How We Advocated for the Iran Deal

In recent years, few things have been as exhaustively debated or written about than the Iran deal.

That debate reignited this week after a long article about me included a section about the Iran deal. There are many issues raised in an article of this length, and I’m sure I’ll have plenty of opportunities to respond to those topics in the weeks and months to come.

However, given the importance of the questions raised about the Iran deal over the last few days, I want to make several points about one issue: how we advocated for the deal.

First, we never made any secret of our interest in pursuing a nuclear deal with Iran. President Obama campaigned on that position in 2008. We pursued several diplomatic efforts with Iran during the President’s first term, and the fact that there were discreet channels of communication established with Iran in 2012 is something that we confirmed publicly. However, we did not have any serious prospect of reaching a nuclear deal until after the election of Hasan Rouhani in 2013. Yes, we had discussions with the Iranians before that, but they did not get anywhere. After the Rouhani government took office, our confidential negotiations with the Iranians accelerated, and quickly led to public negotiations within the P5+1 process that began at the United Nations General Assembly in September 2013. Whatever your analysis of the relative weight of moderates or hard-liners in the Iranian system, there is no question that we were able to achieve a deal only after a change in the Iranian Administration.

Second, we did aggressively make the case for the Iran deal during the congressional review mandated by statute last summer, as it was imperative that the facts of the deal be understood for it to be implemented.

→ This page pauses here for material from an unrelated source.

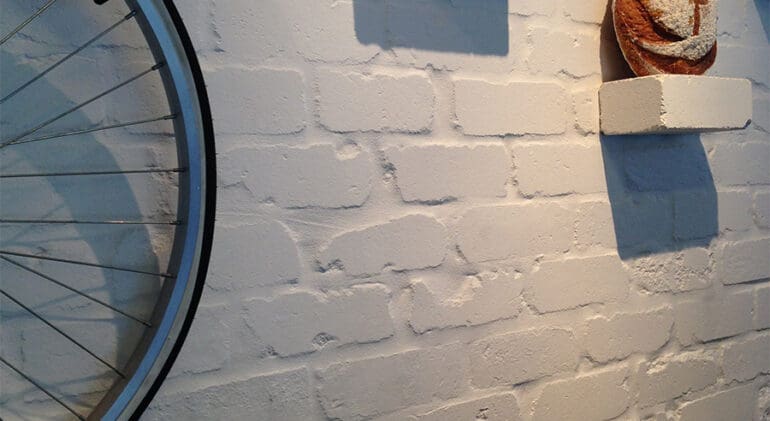Combining Recycled Bricks With Other Sustainable Materials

Opponents of the deal had no difficulty in making their case — through commentary, a paid media campaign, and the distribution of materials making a variety of arguments against the deal. Tough and fair questions were raised; sometimes, there were also inaccuracies about the nature of the deal.‎ Given our interest in making sure that any misinformation was corrected, and that people understood our policy, we made a concerted effort to provide information about the deal to any interested party, including to outside organizations and any journalists covering the issue. This effort to get information out with fact sheets, graphics, briefings, and social media was no secret — it was well reported on at the time. Of course the objective of that kind of effort is to build as much public support as you can — that’s a function of White House communications.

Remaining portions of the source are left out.